---- Task input
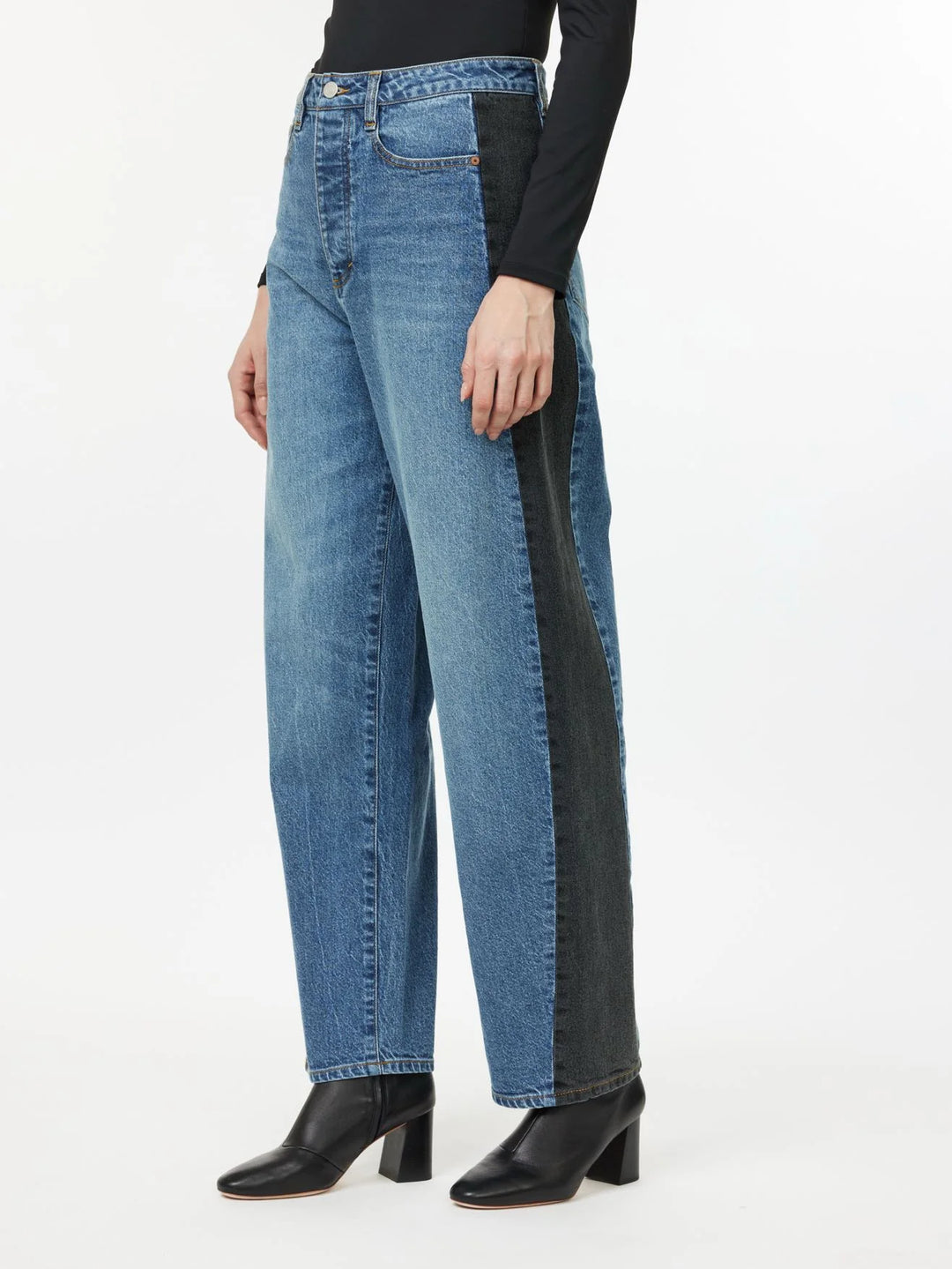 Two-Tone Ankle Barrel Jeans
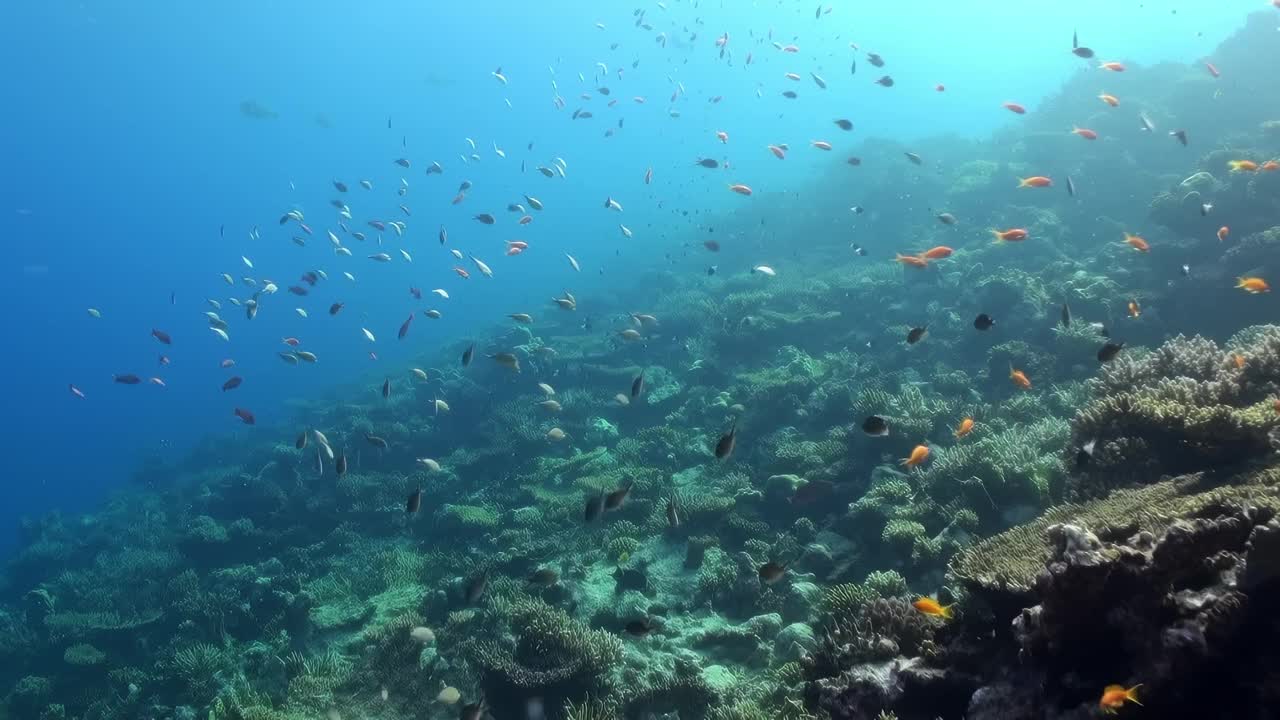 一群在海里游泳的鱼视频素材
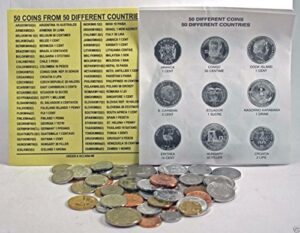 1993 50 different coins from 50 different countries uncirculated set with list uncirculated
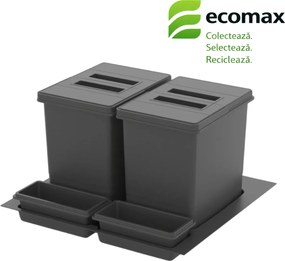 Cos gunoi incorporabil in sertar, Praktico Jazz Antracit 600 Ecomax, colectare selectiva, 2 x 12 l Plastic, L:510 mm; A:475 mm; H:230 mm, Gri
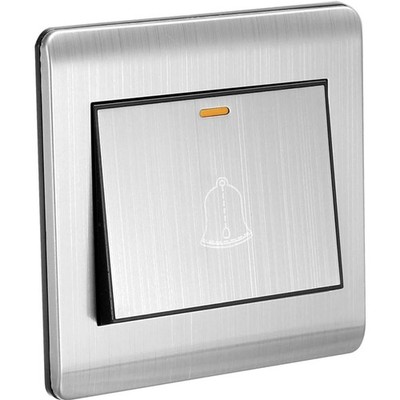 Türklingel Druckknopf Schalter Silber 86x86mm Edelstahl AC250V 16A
--------
Please give back all the records above word for word, with no pictures included.

 Two-Tone Ankle Barrel Jeans
 一群在海里游泳的鱼视频素材
 1993 50 different coins from 50 different countries uncirculated set with list uncirculated
 Cos gunoi incorporabil in sertar, Praktico Jazz Antracit 600 Ecomax, colectare selectiva, 2 x 12 l Plastic, L:510 mm; A:475 mm; H:230 mm, Gri
 Türklingel Druckknopf Schalter Silber 86x86mm Edelstahl AC250V 16A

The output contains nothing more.